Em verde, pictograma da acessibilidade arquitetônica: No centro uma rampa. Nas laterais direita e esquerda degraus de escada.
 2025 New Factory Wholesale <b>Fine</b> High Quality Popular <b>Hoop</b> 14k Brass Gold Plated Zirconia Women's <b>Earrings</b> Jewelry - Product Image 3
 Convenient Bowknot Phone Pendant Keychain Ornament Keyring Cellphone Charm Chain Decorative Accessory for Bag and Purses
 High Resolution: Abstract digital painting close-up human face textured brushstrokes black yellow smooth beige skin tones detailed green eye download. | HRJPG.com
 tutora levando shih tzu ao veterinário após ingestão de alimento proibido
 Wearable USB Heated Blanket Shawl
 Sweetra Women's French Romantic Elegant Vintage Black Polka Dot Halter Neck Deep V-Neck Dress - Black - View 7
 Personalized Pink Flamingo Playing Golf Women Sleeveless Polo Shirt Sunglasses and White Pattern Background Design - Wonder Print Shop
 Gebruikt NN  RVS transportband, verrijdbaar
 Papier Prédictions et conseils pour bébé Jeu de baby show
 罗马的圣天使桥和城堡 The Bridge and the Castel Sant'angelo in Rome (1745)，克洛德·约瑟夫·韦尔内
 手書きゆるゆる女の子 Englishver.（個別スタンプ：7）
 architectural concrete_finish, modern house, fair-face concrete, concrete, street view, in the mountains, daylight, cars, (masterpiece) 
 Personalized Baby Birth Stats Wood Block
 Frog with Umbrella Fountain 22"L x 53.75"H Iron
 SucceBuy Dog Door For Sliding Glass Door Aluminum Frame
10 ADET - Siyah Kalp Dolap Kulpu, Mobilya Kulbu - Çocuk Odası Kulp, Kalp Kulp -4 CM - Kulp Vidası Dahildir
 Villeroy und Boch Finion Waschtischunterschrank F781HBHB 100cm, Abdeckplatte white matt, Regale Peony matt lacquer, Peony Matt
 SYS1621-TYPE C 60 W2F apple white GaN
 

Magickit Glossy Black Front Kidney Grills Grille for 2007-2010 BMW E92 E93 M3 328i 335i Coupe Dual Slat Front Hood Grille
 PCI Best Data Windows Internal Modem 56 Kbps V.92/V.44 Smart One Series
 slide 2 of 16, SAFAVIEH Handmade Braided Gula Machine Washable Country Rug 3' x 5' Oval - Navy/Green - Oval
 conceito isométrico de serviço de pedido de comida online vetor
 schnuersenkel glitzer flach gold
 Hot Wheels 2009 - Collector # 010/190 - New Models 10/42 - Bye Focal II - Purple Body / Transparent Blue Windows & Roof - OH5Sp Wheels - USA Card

• • •

THE PROBLEM =>
Start with the line above that contains "High Resolution: Abstract" and stop after the line that contains "Sweetra Women's French". Output those lines exactly, and only those.

TASK ANSWER =>
 High Resolution: Abstract digital painting close-up human face textured brushstrokes black yellow smooth beige skin tones detailed green eye download. | HRJPG.com
 tutora levando shih tzu ao veterinário após ingestão de alimento proibido
 Wearable USB Heated Blanket Shawl
 Sweetra Women's French Romantic Elegant Vintage Black Polka Dot Halter Neck Deep V-Neck Dress - Black - View 7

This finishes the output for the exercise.